# WHAT YOU NEED TO DO:
From the line containing "If you have" down to the line containing "Proceed to update" in the records below, reproduce every line exactly, ends included, and omit all others.

# GIVEN DATA:

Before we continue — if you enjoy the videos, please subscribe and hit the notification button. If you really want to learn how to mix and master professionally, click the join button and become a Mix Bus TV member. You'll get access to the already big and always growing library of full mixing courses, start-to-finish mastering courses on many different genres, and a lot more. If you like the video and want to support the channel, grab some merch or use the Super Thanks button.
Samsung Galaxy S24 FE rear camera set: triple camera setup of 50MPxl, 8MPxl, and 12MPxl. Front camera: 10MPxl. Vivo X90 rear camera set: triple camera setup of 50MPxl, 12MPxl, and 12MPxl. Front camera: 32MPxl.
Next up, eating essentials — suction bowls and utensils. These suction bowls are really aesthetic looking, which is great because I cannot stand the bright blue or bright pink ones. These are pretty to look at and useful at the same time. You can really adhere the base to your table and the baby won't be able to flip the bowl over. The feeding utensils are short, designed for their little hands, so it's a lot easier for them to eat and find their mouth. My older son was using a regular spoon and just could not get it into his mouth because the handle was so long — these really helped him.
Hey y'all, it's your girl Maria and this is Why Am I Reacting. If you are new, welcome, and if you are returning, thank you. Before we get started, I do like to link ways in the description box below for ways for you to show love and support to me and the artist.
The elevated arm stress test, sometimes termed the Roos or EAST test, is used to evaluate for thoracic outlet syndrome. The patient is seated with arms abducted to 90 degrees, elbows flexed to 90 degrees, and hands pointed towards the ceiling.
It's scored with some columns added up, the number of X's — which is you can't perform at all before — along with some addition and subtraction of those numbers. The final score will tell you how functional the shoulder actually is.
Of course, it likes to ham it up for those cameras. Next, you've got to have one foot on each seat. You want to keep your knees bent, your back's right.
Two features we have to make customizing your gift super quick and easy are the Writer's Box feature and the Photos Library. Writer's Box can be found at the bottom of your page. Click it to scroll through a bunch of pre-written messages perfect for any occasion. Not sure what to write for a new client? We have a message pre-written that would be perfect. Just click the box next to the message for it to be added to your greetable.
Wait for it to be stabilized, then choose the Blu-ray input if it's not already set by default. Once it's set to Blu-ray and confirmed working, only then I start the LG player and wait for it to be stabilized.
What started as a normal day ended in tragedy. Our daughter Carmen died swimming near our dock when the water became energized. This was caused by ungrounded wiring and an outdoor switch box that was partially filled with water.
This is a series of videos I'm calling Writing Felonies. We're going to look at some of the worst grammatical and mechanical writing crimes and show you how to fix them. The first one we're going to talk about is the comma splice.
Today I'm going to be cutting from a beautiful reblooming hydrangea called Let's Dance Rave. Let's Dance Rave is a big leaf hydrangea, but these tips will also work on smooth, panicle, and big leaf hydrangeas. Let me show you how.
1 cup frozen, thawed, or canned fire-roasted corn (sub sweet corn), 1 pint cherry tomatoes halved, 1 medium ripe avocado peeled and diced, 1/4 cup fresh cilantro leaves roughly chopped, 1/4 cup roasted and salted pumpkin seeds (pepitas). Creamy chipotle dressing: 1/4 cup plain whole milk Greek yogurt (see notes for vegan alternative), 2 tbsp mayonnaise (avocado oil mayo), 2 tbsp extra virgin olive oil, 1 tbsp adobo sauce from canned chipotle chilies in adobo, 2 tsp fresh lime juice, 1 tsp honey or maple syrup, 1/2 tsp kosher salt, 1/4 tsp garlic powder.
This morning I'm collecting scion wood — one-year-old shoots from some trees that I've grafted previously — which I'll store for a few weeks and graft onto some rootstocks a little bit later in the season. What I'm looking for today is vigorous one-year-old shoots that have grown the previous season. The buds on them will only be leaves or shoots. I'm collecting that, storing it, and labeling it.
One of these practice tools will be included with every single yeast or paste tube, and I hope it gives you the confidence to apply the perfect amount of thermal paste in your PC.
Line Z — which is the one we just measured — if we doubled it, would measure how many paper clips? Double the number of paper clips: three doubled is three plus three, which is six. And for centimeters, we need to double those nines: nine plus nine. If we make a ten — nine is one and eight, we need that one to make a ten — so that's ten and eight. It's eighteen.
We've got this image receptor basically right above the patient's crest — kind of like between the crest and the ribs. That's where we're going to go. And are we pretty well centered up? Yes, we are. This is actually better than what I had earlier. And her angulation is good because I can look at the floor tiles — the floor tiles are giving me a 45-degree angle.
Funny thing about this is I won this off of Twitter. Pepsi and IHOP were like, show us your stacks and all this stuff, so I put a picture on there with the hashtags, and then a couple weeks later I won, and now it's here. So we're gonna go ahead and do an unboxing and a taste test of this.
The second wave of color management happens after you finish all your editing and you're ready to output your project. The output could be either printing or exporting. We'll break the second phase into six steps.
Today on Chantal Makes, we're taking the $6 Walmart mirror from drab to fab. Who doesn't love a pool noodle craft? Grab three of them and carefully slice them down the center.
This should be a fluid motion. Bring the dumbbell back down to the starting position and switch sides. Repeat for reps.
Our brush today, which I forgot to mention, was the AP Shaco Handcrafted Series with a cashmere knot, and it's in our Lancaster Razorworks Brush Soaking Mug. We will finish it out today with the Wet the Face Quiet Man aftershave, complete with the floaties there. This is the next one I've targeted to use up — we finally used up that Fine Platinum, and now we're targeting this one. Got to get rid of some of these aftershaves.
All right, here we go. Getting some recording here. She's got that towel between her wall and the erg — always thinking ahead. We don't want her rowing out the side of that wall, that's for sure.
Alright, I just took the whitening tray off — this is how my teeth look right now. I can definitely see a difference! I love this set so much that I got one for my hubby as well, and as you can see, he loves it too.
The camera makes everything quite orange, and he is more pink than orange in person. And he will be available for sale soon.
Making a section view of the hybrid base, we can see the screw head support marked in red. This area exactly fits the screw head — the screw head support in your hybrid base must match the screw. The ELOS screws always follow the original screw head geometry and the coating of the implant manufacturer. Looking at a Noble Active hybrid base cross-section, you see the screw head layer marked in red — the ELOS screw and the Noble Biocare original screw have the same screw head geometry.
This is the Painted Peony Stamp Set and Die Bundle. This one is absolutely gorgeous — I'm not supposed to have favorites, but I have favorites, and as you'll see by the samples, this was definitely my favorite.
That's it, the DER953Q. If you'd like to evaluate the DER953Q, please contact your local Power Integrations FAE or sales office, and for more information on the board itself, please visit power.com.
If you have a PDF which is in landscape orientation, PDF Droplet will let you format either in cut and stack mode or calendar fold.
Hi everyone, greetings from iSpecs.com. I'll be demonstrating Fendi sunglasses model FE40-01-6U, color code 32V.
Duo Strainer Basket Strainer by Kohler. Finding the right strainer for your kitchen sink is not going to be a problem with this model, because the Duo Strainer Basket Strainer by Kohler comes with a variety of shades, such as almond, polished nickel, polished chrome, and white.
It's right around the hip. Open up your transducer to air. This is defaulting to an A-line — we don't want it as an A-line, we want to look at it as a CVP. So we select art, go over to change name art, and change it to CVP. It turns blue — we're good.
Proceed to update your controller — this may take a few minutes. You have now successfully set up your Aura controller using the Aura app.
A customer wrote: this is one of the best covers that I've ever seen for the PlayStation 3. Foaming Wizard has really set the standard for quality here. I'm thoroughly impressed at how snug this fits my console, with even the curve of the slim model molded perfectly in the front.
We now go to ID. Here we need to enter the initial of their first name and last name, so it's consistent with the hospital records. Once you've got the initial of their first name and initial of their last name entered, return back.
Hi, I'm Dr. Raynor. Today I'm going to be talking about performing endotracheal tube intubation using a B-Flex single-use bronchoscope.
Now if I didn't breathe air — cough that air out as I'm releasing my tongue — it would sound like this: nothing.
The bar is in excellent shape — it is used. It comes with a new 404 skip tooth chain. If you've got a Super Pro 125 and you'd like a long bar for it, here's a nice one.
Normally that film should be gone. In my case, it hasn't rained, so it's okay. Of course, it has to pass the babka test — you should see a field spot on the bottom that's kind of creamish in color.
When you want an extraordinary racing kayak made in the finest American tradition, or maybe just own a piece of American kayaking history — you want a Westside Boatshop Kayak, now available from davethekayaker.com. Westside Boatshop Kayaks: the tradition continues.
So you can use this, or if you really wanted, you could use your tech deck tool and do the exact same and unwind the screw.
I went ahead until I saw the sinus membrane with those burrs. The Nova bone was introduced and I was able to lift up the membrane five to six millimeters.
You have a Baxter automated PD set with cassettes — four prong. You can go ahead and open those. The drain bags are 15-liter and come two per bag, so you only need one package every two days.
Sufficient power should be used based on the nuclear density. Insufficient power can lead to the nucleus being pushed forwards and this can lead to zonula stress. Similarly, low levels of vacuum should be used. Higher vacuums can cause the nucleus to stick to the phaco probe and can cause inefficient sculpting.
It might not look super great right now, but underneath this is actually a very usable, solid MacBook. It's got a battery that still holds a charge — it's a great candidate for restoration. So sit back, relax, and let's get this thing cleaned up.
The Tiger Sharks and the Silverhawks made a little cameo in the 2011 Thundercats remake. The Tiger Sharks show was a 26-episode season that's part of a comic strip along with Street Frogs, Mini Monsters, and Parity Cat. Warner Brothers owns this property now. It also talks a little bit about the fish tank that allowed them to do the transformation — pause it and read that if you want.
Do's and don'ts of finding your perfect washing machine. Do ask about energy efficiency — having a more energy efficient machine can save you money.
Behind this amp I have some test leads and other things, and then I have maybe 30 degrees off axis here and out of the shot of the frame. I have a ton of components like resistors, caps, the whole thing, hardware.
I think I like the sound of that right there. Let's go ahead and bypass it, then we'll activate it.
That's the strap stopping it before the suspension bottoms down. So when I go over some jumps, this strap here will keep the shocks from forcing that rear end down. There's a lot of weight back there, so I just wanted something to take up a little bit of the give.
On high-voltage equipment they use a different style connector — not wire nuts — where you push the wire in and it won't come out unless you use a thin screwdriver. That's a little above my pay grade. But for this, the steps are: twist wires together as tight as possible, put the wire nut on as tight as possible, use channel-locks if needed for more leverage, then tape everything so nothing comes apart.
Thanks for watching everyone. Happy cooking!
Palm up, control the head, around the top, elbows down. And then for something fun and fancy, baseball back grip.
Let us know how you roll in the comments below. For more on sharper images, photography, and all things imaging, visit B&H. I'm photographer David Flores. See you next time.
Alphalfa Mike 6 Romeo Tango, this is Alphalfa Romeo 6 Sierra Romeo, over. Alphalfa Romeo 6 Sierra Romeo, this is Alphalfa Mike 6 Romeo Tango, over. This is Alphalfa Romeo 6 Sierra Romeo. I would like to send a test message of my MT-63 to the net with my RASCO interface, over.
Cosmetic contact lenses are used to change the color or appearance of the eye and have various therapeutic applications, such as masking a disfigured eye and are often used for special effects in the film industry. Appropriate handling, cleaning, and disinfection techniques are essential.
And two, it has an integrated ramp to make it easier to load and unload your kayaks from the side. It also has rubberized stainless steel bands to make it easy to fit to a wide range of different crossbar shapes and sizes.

# EXERCISE OUTPUT:
If you have a PDF which is in landscape orientation, PDF Droplet will let you format either in cut and stack mode or calendar fold.
Hi everyone, greetings from iSpecs.com. I'll be demonstrating Fendi sunglasses model FE40-01-6U, color code 32V.
Duo Strainer Basket Strainer by Kohler. Finding the right strainer for your kitchen sink is not going to be a problem with this model, because the Duo Strainer Basket Strainer by Kohler comes with a variety of shades, such as almond, polished nickel, polished chrome, and white.
It's right around the hip. Open up your transducer to air. This is defaulting to an A-line — we don't want it as an A-line, we want to look at it as a CVP. So we select art, go over to change name art, and change it to CVP. It turns blue — we're good.
Proceed to update your controller — this may take a few minutes. You have now successfully set up your Aura controller using the Aura app.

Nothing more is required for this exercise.